子どもの夜間外出 防犯は? 塾や部活…保護者の連携希薄 地域での声掛け必要

西日本新聞

 大阪府寝屋川市の中学1年2人が遺体で見つかった事件では、子どもだけで夜間や未明に外出している実態も明らかになった。部活動や塾のほか、夏は花火大会や祭りなど夜のイベントで外出する機会も多い。子どもの夜間外出にどう向き合ったらいいのか。各家庭のルールや防犯対策について尋ねた。

 「部活動で帰宅が午後9時を過ぎるので心配。本人は『何かあったら逃げるから大丈夫』となぜか自信を持っている」(高2女子の母)▽「塾からの帰宅は午後8時半。1人で自転車に乗って帰ってくる」(小6女児の母)▽「門限の午後10時を守らないときに叱ると『俺にも付き合いがある』と反論される」(中3男子の父)

 このように、子どもたちの帰宅時間は日が暮れてからの例も多い。防犯対策はどうしているのか。

 自営業の女性(44)=福岡市早良区=は、小学3年の長女に外出の際は必ず携帯電話を持たせる。「万が一のとき、衛星利用測位システム(GPS)機能で位置を知るため」だ。「子どもはいざというときに状況をのみ込めないし、恐怖で声も出ない。日ごろから防犯意識を持たせることが大事」と強調する。

 塾に通う小学6年の娘の帰宅が心配なNPO法人代表の田中彩さん(41)=福岡市中央区=は「知らない人に道を尋ねられ車に乗るように言われても応じない」など、ルールを決めている。しかし「誰にでも親切な子に、『人を警戒しろ』と教えていいのか」という葛藤もある。

 夜間も明るい24時間営業の店は安心感があるのか、午後5時には親から帰宅を促される福岡市の中学3年女子(14)は「午後10時ごろ、親にコンビニにおつかいを頼まれることもある」と言う。

 夏は、祭りなど夜のイベントも多く注意が必要だと語るのは、福岡市南区の会社員女性(44)。数年前、当時中学生の娘が、花火大会からの帰りに渋滞に巻き込まれ、1時間半かけて徒歩で帰宅。午後11時を過ぎ、肝が冷えたという。

 保護者同士のネットワークが希薄になり、子どもを見守る目も減っていると感じているのは長崎県波佐見町の主婦(35)。小学生の子どもの友人がよく遊びに来るが、親は知り合いではないことが多い。「子どもがどこで何をしているのか、親同士で情報を共有するのも大切ではないか」と語る。高校2年の長女がいる会社員女性(41)=福岡市南区=も「学校からの連絡は一斉メール。連絡網もなく、保護者間で連絡を取り合わない」。

 子どもを守るのは、保護者だけではない。周囲の大人にできることは何か。

 高校生の長女がいる会社員女性(44)=福岡市中央区=は、地域の夜間パトロールに参加し、コンビニに集まっている子どもたちに「こんな時間まで何してるの、帰ろう」と声を掛けたことがある。
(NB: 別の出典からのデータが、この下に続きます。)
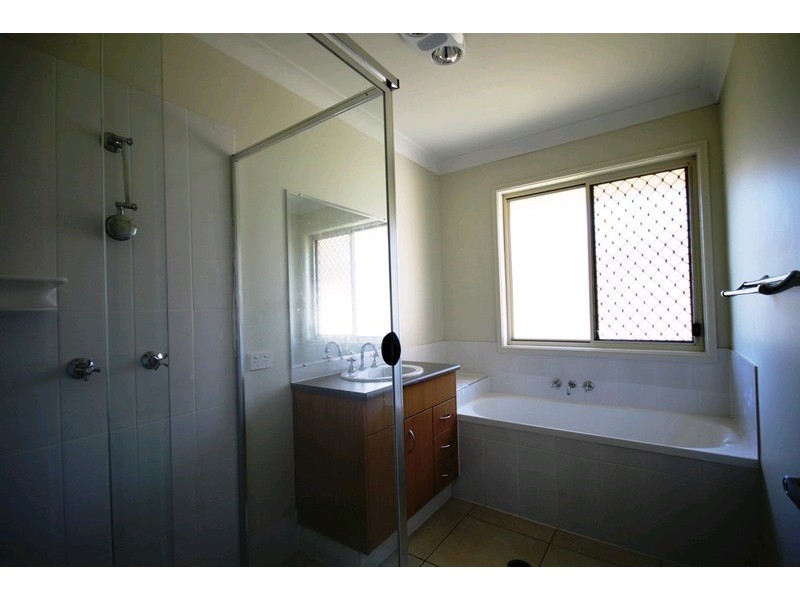 36 Tylah Street, Kallangur QLD 4503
「そういう大人の声掛けがあれば事件は防げたかもしれない」

 福岡市東区のカラーコーディネーター、久保田みきさん(43)は子ども会の役員を務めて以来、顔見知りが増え、子どもに話し掛けやすくなった。「地域の人が子どもに『なんしようと?』と話し掛けられる関係になることが、子どもの命を守ることになる」と思っている。